Hoisting up a Hill with a Fellow
that looked a lot like Beckett
They passed the two men staring each other down
at the urinal trough. They’d had enough of Politics.
And now they were into some serious Grief.
And one said to the next: ‘Mine’s much bigger
than yours is.’ And then another and another:
‘Wait til you see this.’ Til finally one said:
‘Well how do you measure it? And the Man
with nothing but a Deep Groove for a Face said:
‘Stand on this scale and hold out your bag.
And watch it fill with stones.’ And they
did. Saying ‘See…I told…’ Til The Man said
‘Hush. Hoist your Hefty bags and let’s go up
the hill.’ And there at the top was the silhouette
of a Woman, who had recently misplaced both
her crutches, and was balancing precariously
on one leg in the middle of a wheelbarrow.
Just then a Young Man went flying up to catch her.
He grabbed her just in time and they both went rolling
down the other side, four-leaf clovers in their eyes,
all the way back to childhood, the unseen wheelbarrow
rolling slowly behind. As the others screamed “No, No…’
And the Man said: ‘Hush. We’ll all meet here someday.
Onward to the top.’ And just then a Greek of ancient stature
came rolling down, a large boulder following him, and then
another holding his side, buzzards following, as everyone ducked
and tried to get out of the way, then came the entire cast of Jesus
Christ Superstar, followed by a thousand crosses made in Taiwan,
Benny Hill and Monty Python, Buster Keaton and a thousand
would-be brides, Samuel Beckett and a thousand tin garbage lids,
and even more dead honey bees ricocheting. ‘Hmmm…they say
we could all be extinct soon.’ ‘You say it like it’s a bad thing.’

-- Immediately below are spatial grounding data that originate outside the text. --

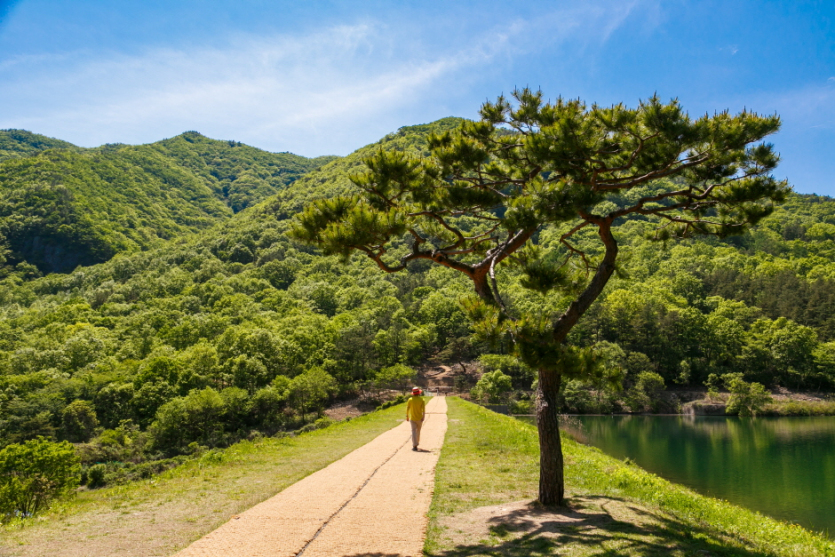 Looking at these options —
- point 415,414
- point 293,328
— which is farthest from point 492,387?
point 415,414

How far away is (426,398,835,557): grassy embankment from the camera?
567 centimetres

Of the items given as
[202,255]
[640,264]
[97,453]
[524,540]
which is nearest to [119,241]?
[202,255]

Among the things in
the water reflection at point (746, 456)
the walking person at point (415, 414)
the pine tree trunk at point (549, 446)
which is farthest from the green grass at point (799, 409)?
the pine tree trunk at point (549, 446)

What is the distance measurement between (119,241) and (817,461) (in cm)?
15106

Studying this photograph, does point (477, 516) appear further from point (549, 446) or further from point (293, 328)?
point (293, 328)

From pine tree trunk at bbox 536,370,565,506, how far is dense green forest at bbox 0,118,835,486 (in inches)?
26.3

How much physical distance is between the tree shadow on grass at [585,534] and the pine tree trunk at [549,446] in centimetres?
23

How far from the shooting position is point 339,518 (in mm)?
6551

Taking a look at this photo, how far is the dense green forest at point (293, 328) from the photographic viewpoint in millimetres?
42438

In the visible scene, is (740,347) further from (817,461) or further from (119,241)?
(119,241)

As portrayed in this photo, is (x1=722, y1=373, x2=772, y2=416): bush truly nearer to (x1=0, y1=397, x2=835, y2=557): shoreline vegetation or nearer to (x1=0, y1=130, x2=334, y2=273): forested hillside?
(x1=0, y1=397, x2=835, y2=557): shoreline vegetation

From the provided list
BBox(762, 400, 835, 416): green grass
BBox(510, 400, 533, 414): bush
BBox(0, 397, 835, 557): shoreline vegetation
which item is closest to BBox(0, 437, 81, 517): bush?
BBox(0, 397, 835, 557): shoreline vegetation

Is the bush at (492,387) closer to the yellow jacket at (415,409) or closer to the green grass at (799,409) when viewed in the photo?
the green grass at (799,409)

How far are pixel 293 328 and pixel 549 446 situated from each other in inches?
2510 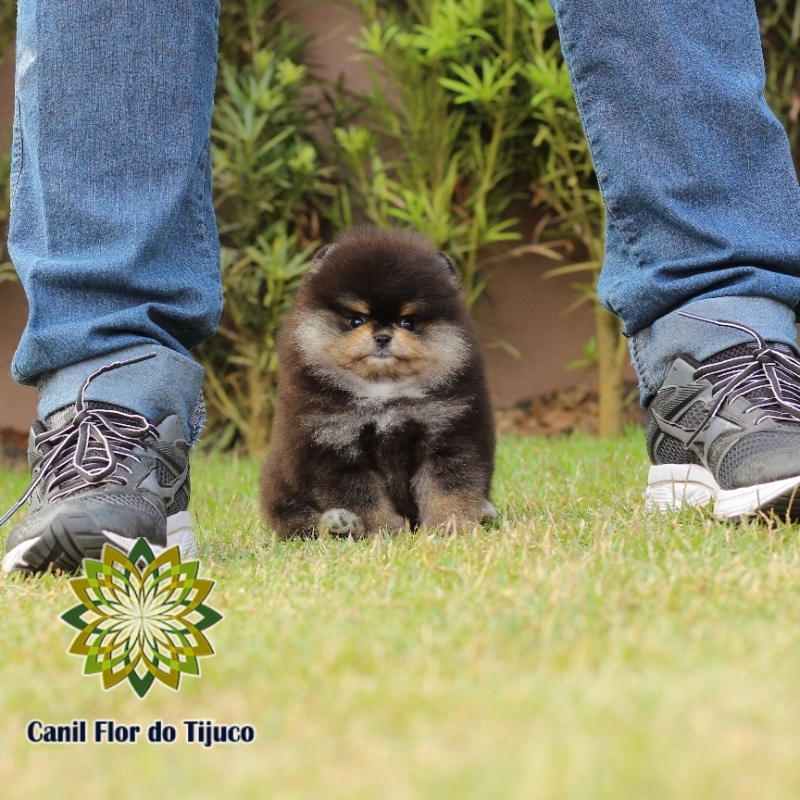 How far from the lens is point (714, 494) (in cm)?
209

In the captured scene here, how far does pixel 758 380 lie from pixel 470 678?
3.86 ft

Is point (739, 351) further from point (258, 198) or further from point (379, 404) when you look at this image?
point (258, 198)

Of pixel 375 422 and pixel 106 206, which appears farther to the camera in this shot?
pixel 375 422

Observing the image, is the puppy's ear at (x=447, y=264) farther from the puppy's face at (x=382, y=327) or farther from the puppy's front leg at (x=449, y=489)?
the puppy's front leg at (x=449, y=489)

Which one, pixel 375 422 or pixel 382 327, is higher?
pixel 382 327

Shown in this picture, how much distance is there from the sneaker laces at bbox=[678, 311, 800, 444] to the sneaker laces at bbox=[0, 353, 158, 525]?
110 centimetres

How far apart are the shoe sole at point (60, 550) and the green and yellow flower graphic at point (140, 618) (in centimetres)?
5

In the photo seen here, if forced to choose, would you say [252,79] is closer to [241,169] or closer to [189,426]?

‘Hush. To the top.’ And they made their slow Hefty Bag trek
all the way and one said: ‘Now what?’ And the Man said:
‘Take a deep breath and throw it off.’ And with a 5, 4, 3, 2, 1…
they hurled their bags down. Only it was as if they were tied
by some invisible string that sent them down the hill with them,
crashing in a heap one on top of the other. It would be a while
to see if anyone could find the stones to move.